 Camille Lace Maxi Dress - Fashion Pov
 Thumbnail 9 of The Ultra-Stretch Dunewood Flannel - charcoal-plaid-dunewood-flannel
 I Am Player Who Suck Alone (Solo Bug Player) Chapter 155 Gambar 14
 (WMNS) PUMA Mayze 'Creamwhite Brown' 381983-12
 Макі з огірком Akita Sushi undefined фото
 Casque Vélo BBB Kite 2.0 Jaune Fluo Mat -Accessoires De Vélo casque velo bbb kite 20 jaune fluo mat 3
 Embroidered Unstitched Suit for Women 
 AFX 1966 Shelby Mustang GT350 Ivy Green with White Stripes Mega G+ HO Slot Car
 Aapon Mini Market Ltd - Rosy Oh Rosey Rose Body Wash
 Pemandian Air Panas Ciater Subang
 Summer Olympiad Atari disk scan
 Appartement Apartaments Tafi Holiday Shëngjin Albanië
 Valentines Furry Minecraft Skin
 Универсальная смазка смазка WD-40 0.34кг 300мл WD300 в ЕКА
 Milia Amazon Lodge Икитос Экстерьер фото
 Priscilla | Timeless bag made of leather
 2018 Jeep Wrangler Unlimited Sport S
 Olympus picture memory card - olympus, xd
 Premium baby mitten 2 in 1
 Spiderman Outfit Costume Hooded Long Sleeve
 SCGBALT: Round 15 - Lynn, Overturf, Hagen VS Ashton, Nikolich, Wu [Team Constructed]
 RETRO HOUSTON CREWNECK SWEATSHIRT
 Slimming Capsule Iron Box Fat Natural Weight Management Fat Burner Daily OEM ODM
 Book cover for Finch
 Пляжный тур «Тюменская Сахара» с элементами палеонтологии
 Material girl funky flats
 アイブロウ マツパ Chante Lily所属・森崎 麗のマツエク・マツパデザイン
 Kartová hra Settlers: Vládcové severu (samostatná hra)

THE TASK
Restate exactly the lines running from the line with "Slimming Capsule Iron" to the end of the entries above, both ends included.

WRITTEN RESPONSE
 Slimming Capsule Iron Box Fat Natural Weight Management Fat Burner Daily OEM ODM
 Book cover for Finch
 Пляжный тур «Тюменская Сахара» с элементами палеонтологии
 Material girl funky flats
 アイブロウ マツパ Chante Lily所属・森崎 麗のマツエク・マツパデザイン
 Kartová hra Settlers: Vládcové severu (samostatná hra)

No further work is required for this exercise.